Philosophers reckon two hundred and eighty-eight sovereign goods.

The sovereign good. Dispute about the sovereign good.Ut sis contentus temetipso et ex te nascentibus bonis. There is a contradiction, for finally they advise suicide. Ah! happy life indeed, from which we are to free ourselves as from the plague.

It is well to be weary and harassed by the useless search after the true good, that we may stretch our arms to the Redeemer.

Conversation.—Great words: Religion. I deny it.

Conversation.—Scepticism aids Religion.

Philosophers.—We are full of matters which take us out of ourselves.

Our instinct suggests that we must seek our happiness outside ourselves; our passions hurry us abroad, even when there are no objects to excite them. The objects outside us tempt and call us, even when we do not think of them. And thus it is in vain for philosophers to say, "Enter into yourselves, and you will find your good there;" we believe them not, and those who believe them are the most empty and the most foolish.

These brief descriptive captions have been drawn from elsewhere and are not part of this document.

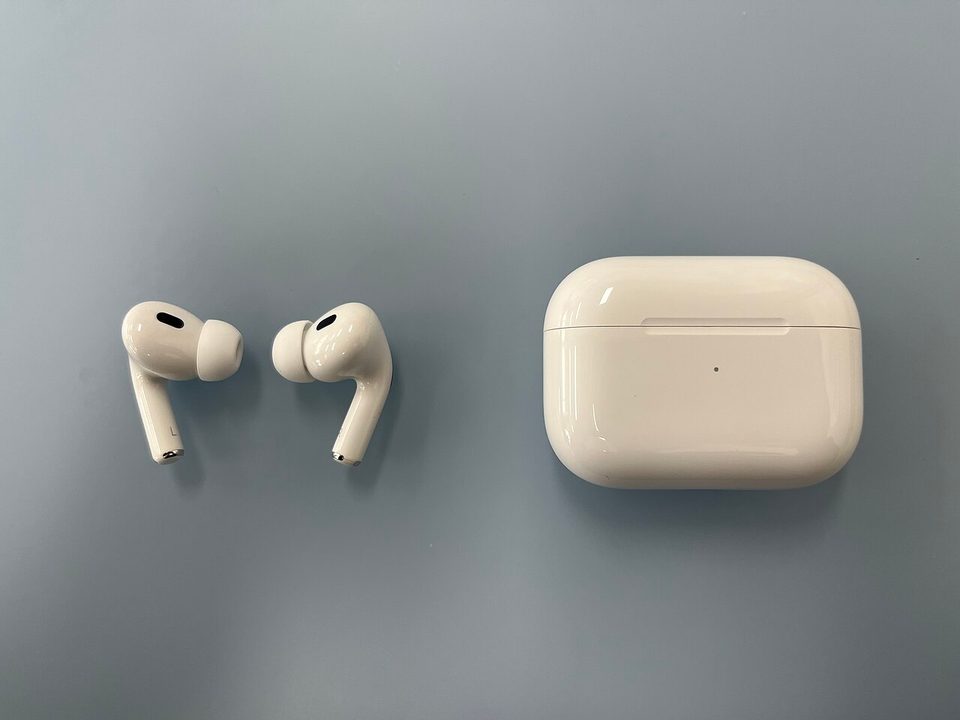 airpods pro second generation earbuds and their white charging case on a gray blue table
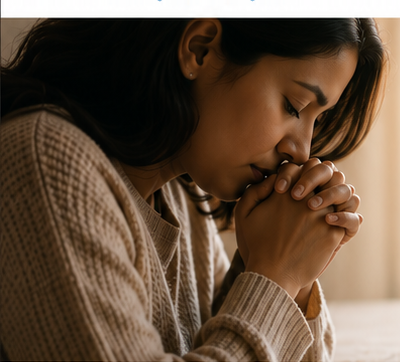 A woman in quiet prayer beside Scripture — peace, presence, and care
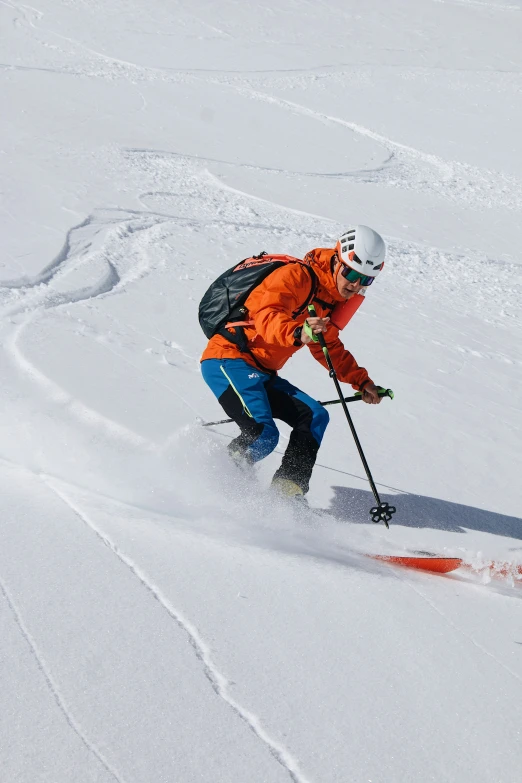 a person riding skis down a snow covered slope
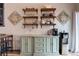 Dining area with wooden shelves, bar stool seating, and a buffet with a coffeemaker and water cooler at 3943 S Espana St, Aurora, CO 80013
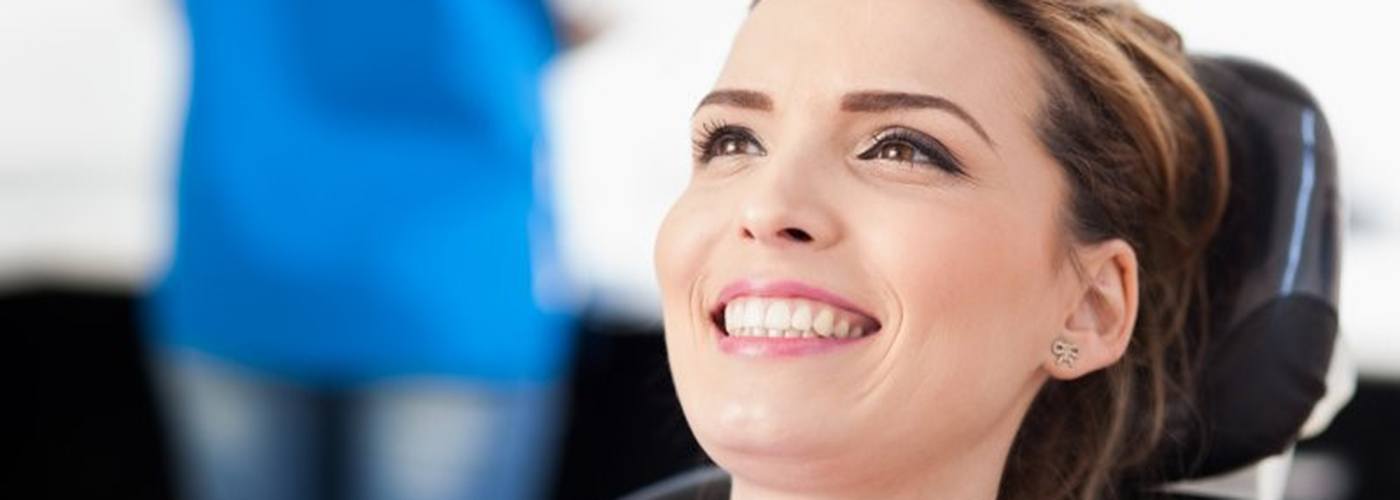 woman smiling in dental chair after getting direct bonding in Lexington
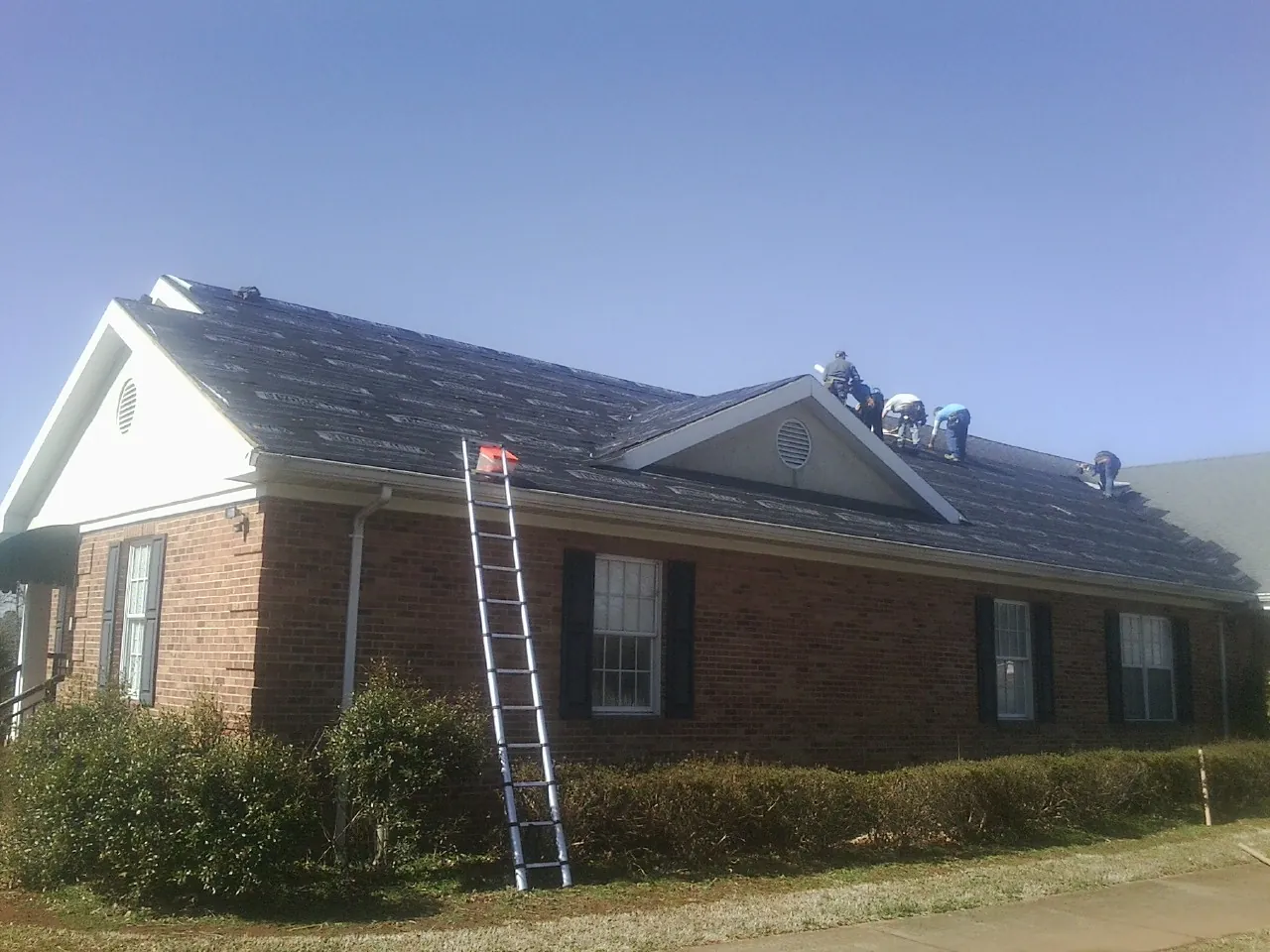Crew tearing shingles off a brick ranch roof with a ladder set — Emergency Roof Repair work by our crew in Roscoe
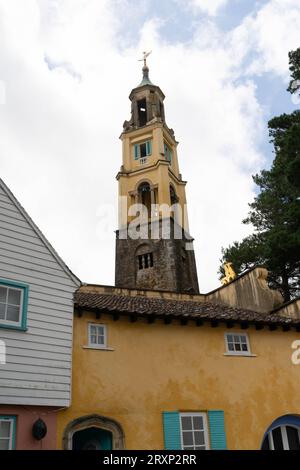 Storico campanile che sorge sopra colorati edifici in stile mediterraneo nel villaggio di Portmeirion Foto Stock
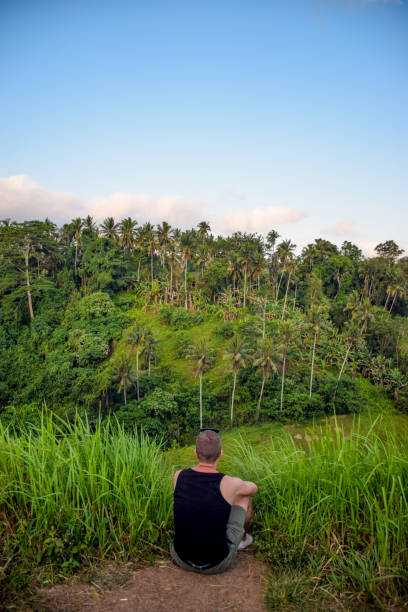 istock Young Man Sitting and Looking at View on Summer Vacations in Indonesia 1130144906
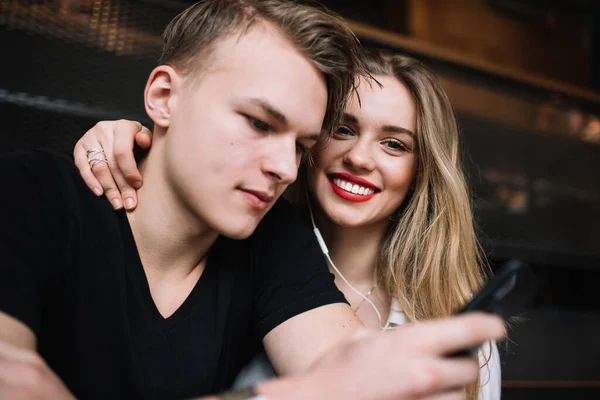 一对快乐的年轻夫妇在一起开会的时候一起在咖啡馆里坐着浏览智能手机 在周末放松的时候笑着 — 图库照片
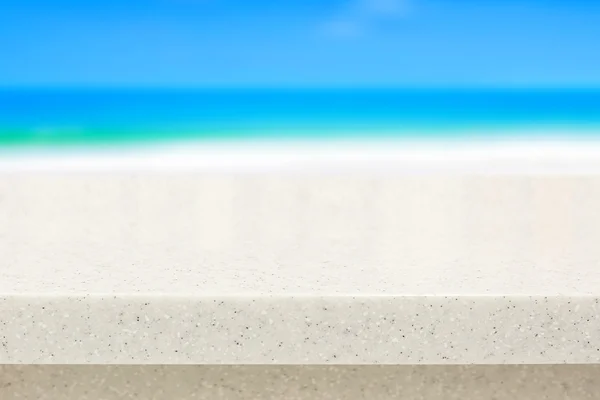 Encimera de piedra blanca sobre fondo borroso de playa — Foto de Stock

This civil war between reason and passion divides those who desire peace into two sects, the one, of those who would renounce their passions and become gods, the other, of those who would renounce their reason and become brute beasts.—Des Barreaux.—But neither has succeeded, and reason still exists, to condemn the baseness and injustice of the passions, and to trouble the repose of those who give themselves over to their sway, and the passions are still vigorous in those who desire to renounce them.

The Stoics.—They conclude that what has been done once may be done always, and that because the desire of glory gives some degree of power to those possessed by it, others can easily do the same.